Hacker News new | ask | show | jobs
by brycelarkin 710 days ago
For postgres, you want to use “bigint generated always as identity” instead of bigserial.
3 comments

I agree and apologise for writing bigserial out of ossified habit. Identity columns hew to the SQL standard, bigserial is a pg-ism. I actually do still use it when the ORM’s DDL generator prefers as much (looking at you Rails), there’s no gain from fighting the middleware.

For other readers: the two are almost the same in behaviour, they differ primarily in that identity columns don’t need a USAGE grant on their associated sequence, and the ALWAYS makes it harder (but despite the term not actually impossible) to override the default value on row insert.

Why?
Why “bigint generated always as identity” instead of bigserial, instead of Postgres' uuid data type?

Postgres' UUID datatype: https://www.postgresql.org/docs/current/datatype-uuid.html#D...

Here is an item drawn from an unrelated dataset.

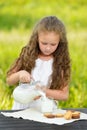 Little girl pouring milk in glass outdoor summer Royalty Free Stock Photo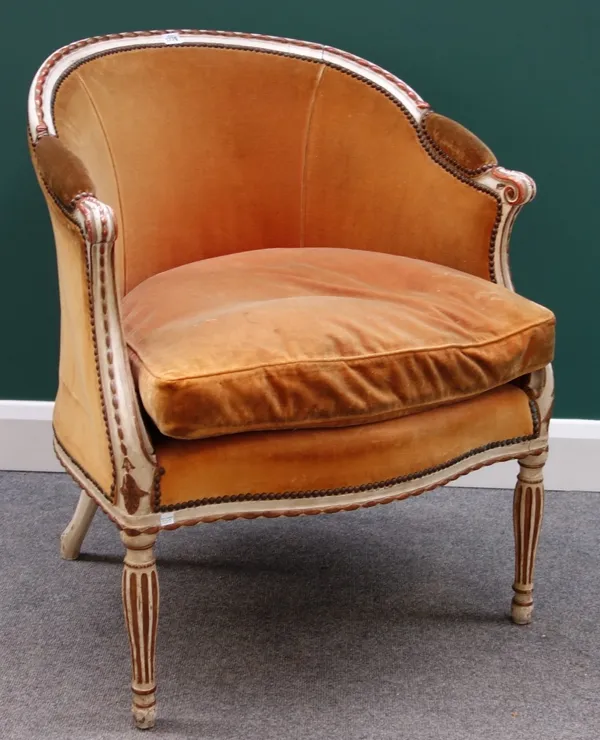 A Louis XV style cream painted parcel gilt tub back fauteuil, with serpentine seat on fluted baluster supports.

django.db.models.fields.UUIDField: https://docs.djangoproject.com/en/5.0/ref/models/fields/#uui... :

> class UUIDField: A field for storing universally unique identifiers. Uses Python’s UUID class. When used on PostgreSQL and MariaDB 10.7+, this stores in a uuid datatype, otherwise in a char(32)

> [...] Lookups on PostgreSQL and MariaDB 10.7+: Using iexact, contains, icontains, startswith, istartswith, endswith, or iendswith lookups on PostgreSQL don’t work for values without hyphens, because PostgreSQL and MariaDB 10.7+ store them in a hyphenated uuid datatype type.

From the sqlalachemy.types.Uuid docs: https://docs.sqlalchemy.org/en/20/core/type_basics.html#sqla... :

> Represent a database agnostic UUID datatype.

> For backends that have no “native” UUID datatype, the value will make use of CHAR(32) and store the UUID as a 32-character alphanumeric hex string.

> For backends which are known to support UUID directly or a similar uuid-storing datatype such as SQL Server’s UNIQUEIDENTIFIER, a “native” mode enabled by default allows these types will be used on those backends.

> In its default mode of use, the Uuid datatype expects Python uuid objects, from the Python uuid module

From the docs for the uuid Python module: https://docs.python.org/3/library/uuid.html :

> class uuid.SafeUUID: Added in version 3.7.

> safe: The UUID was generated by the platform in a multiprocessing-safe way

And there's not yet a uuid.uuid7() in the uuid Python module.

UUIDv7 leaks timing information ( https://news.ycombinator.com/item?id=40886496 ); which is ironic because uuids are usually used to avoid the "guess an autoincrement integer key" issue

Just noting, the commenter you replied to said:

> use “bigint generated always as identity” instead of bigserial.

The commenter you are replying to was not saying anything about whether to use UUIDs or not; they just said "if you are going to use bigserial, you should use bigint generated always as identity instead".

The question is the same; why would you use bigint instead of the native UUID type?

Why does OT compare text and UUID instead of char(32) and UUID?

What advantage would there be for database abstraction libraries like SQLalchemy and Django to implement the UUID type with bigint or bigserial instead of the native pg UUID type?

Best practice in Postgres is to use always use the text data type and combine it with check constraints when you need an exact length or max length.

See: https://wiki.postgresql.org/wiki/Don't_Do_This#Text_storage

Also, I think you're misunderstanding the article. They aren't talking about storing a uuid in a bigint. They're talking about have two different id's. An incrementing bigint is used internally within the db for PK and FK's. A separate uuid is used as an external identifier that's exposed by your API.

What needs to be stored as text if there is a native uuid type?

Chapter 8. Data Types > Table 8.2. Numeric Types: https://www.postgresql.org/docs/current/datatype-numeric.htm... :

> bigint: -9223372036854775808 to +9223372036854775807

> bigserial: 1 to 9223372036854775807

2*63 == 9223372036854775807

Todo UUID /? postgres bigint UUID: https://www.google.com/search?q=postgres+bigint+uuid :

- UUIDs are 128 bits, and they're unsigned, so: 2*127

- "UUID vs Bigint Battle!!! | Scaling Postgres 302" https://www.scalingpostgres.com/episodes/302-uuid-vs-bigint-...

"Reddit's photo albums broke due to Integer overflow of Signed Int32" https://news.ycombinator.com/item?id=33976355#33977924 re: IPv6 addresses having 64+64=128 bits

FWIW networkx has an in-memory Graph.relabel_nodes() method that assigns ints to unique node names in order to reduce RAM utilization for graph algorithms: https://networkx.org/documentation/stable/reference/generate...

Many people store UUID's as text in the database. Needles to say, this is bad. TFA starts by proposing that it's bad, then does some tests to show why.

I'm not quite sure what all the links have to do with the topic at hand.